::: AVAILABLE RECORDS

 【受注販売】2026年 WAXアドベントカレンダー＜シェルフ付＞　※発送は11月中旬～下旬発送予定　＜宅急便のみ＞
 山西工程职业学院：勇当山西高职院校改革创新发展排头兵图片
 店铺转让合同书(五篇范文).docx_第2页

::::::
::: AVAILABLE RECORDS

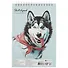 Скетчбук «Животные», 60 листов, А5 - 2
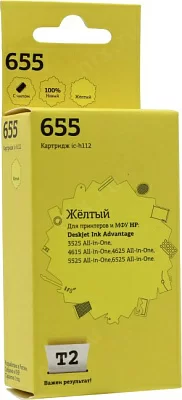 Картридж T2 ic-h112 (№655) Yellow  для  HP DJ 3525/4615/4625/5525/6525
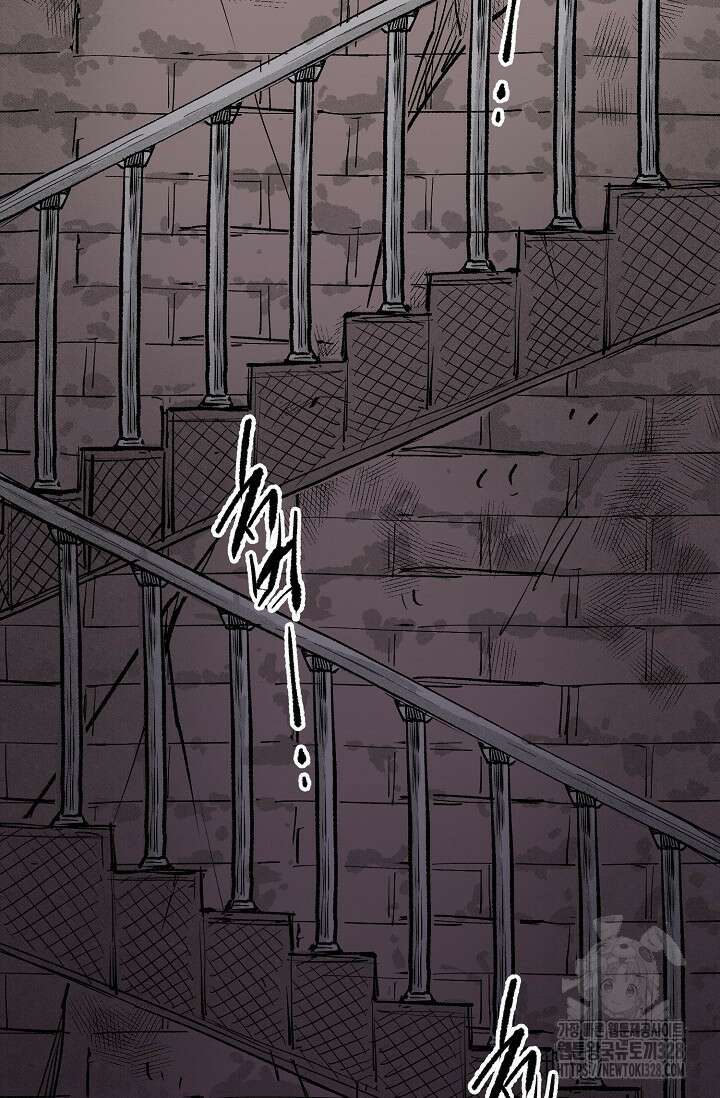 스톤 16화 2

::::::

* _EXERCISE BRIEF_
Starting at the line that contains "山西工程职业学院：勇当山西高职院校改革创新发展排头兵图片" and stopping after the line that contains "店铺转让合同书(五篇范文).docx_第2页", write out every line exactly as it appears above, and no other line.

* _WRITTEN SOLUTION_
 山西工程职业学院：勇当山西高职院校改革创新发展排头兵图片
 店铺转让合同书(五篇范文).docx_第2页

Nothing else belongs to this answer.